Someone, Hammond realized, was making a noise, a high-pitched squealing. It was a terrible thing to hear. It took him a long moment to realize that that someone was himself.
“I told you something was wrong with him,” he heard Tim say behind him.
“You’re right about that, Tim,” said Tom.
They were still there, the three of them, standing in a way that made it impossible for him to see all of them at once. He could turn and turn, but he couldn’t see them all at the same time no matter what he did. And then there were the ones in his head, too, slowly extracting things from it. God, his head hurt. He had to stop them, had to get them out of his head.
“Put the knife down, friend,” said the man with the glasses.
&n
bsp; But that was the last thing Hammond was going to do. Instead he lunged forward and flashed his knife at the man with glasses. The man jumped nimbly back, but not nimbly enough; the knife opened a gash just below his wrist. He stood holding it, blood dripping through his fingers, his face suddenly pale in the dim light.

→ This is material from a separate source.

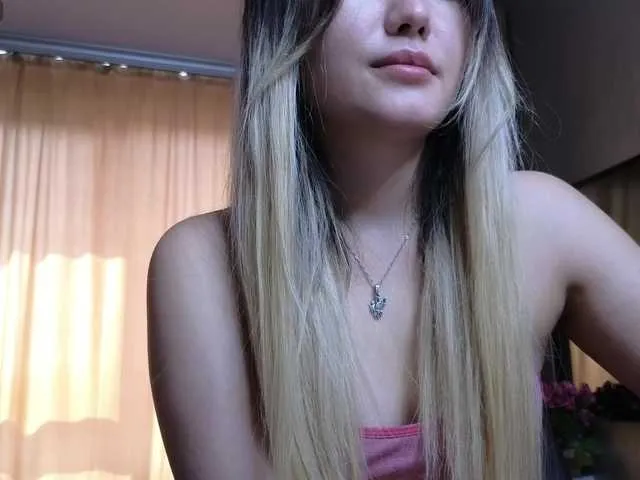 MinniMia – webcam model profile photo Image 14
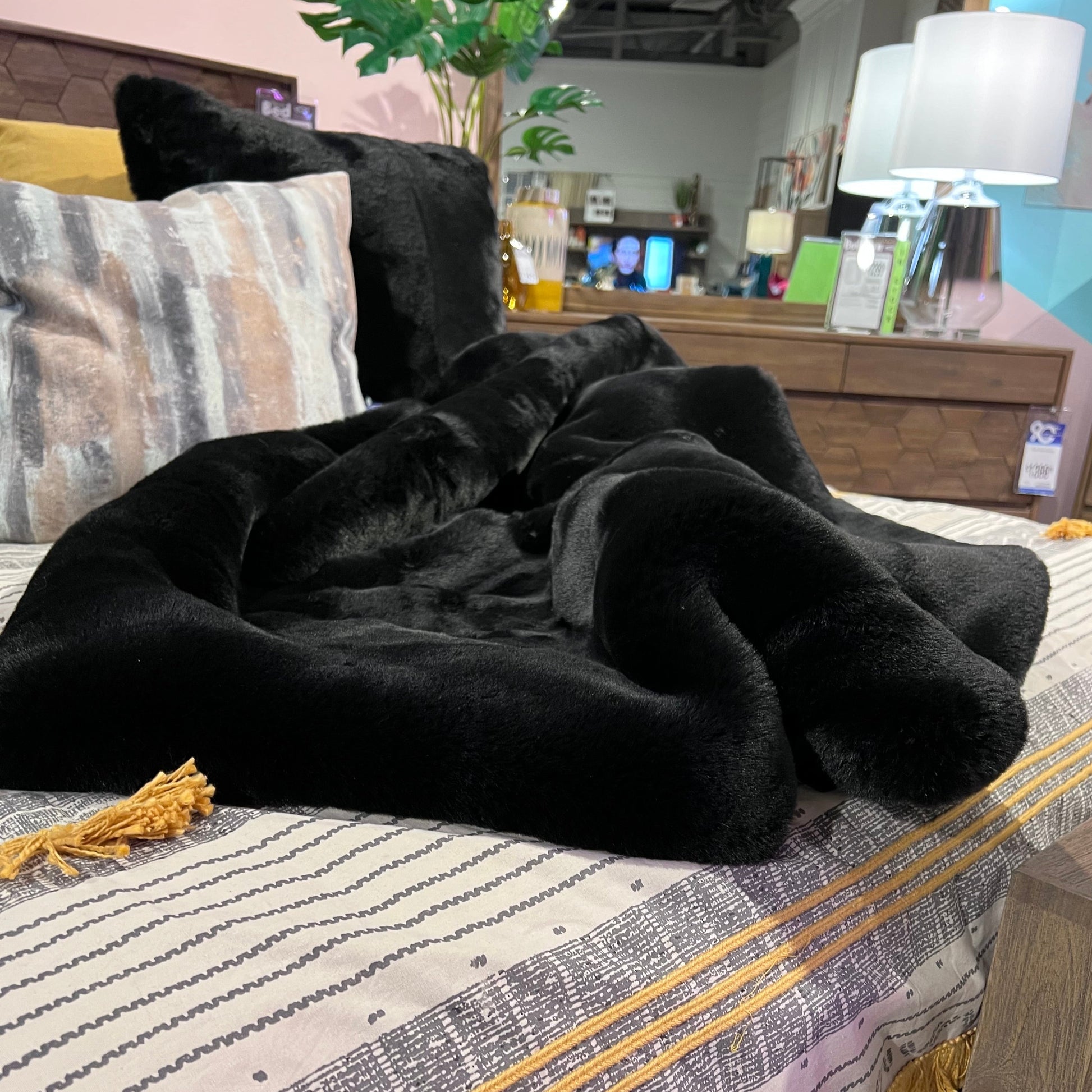 Chinchilla Faux Fur Throw Blanket Black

But Hammond had forgotten about the others. He turned and there they were, still a little way away, but moving closer. They stepped quickly back when they realized they’d been noticed.

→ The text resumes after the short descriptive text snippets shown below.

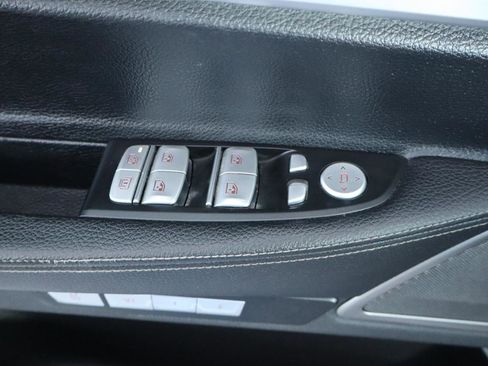 Used 2017 BMW 740i image 28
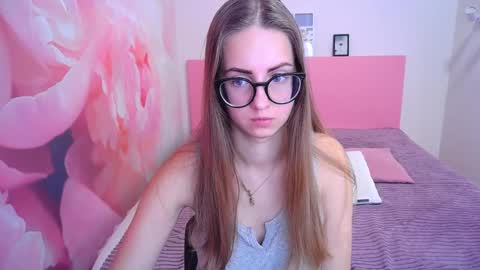 Snapshot of kristina_adel chatting on 01-03-25, 07:27 Kristina Adel online show from 01-03-25, 07:27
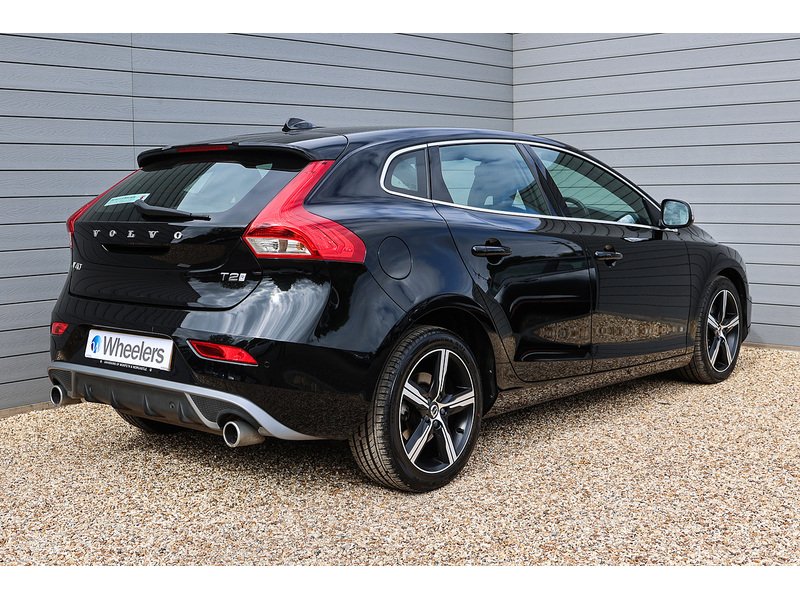 Volvo V40 T2 R-Design - U15575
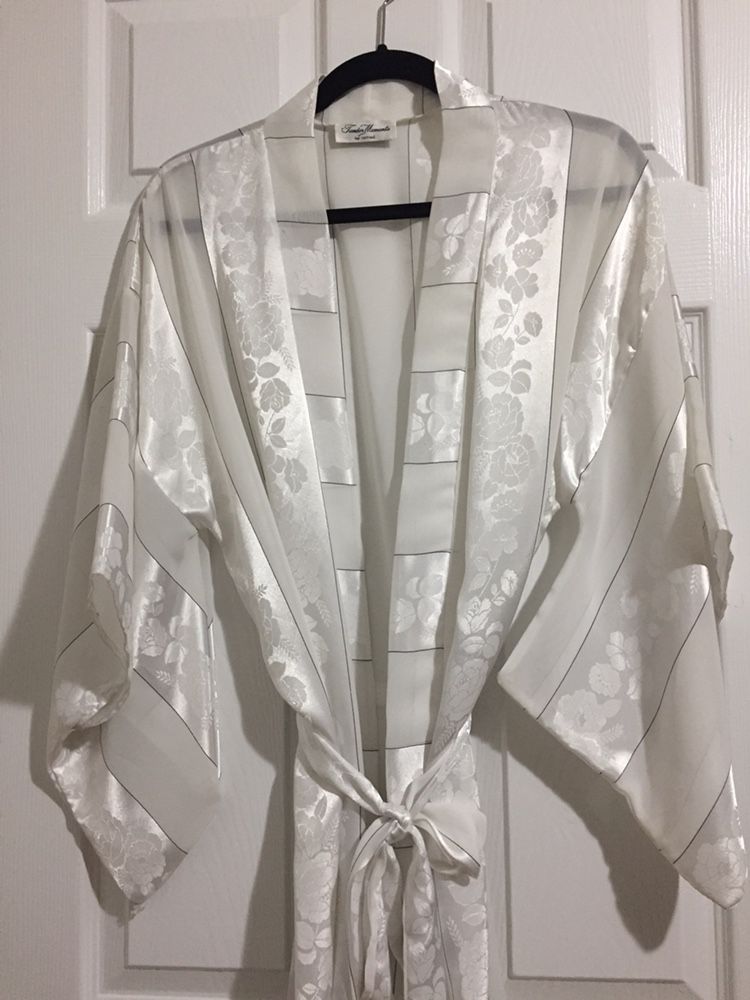 Silk Robe Size Small Excellent Like New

He was still surrounded, both inside his head and outside it. There was no getting out of it. He would never get away.
And so, realizing this, heart thudding in his mouth, he did the only thing he could think to do.
“I didn’t expect that, Tim,” said Tom.
“I didn’t either,” said Tim. “This one was full of surprises. What’d they want him for, anyway?” he asked the man with the glasses.
“A few questions,” said the man with the glasses. “Nothing serious. Just a few questions.” He had wrapped his wrist in one of his shirttails. It was slowly soaking through with blood.
“Never seen anything quite like that,” said Tom. “And I hope I never do again.”
“Same here,” said Tim, shaking his head.
He took a step back to avoid the puddle of blood that was spreading from Hammond’s slit neck. He’d never seen anyone cut themselves quite so deep and so quickly. There was a lot of blood and it was still coming. He had to step back again.
How could anyone do that to himself? Tim wondered. He must have been very frightened. Or simply crazy. Or both. He squinted, massaged his temple.
“All right, Tim?” asked Tom.
“Better than him, anyway,” said Tim. “Just a little headache.”
“Me, too,” said Tom. “Terry?”
“I’ve got a headache, too,” said the man with the glasses. “Been one of those nights. Step lively, lads. Let’s get out of here before the law arrives.”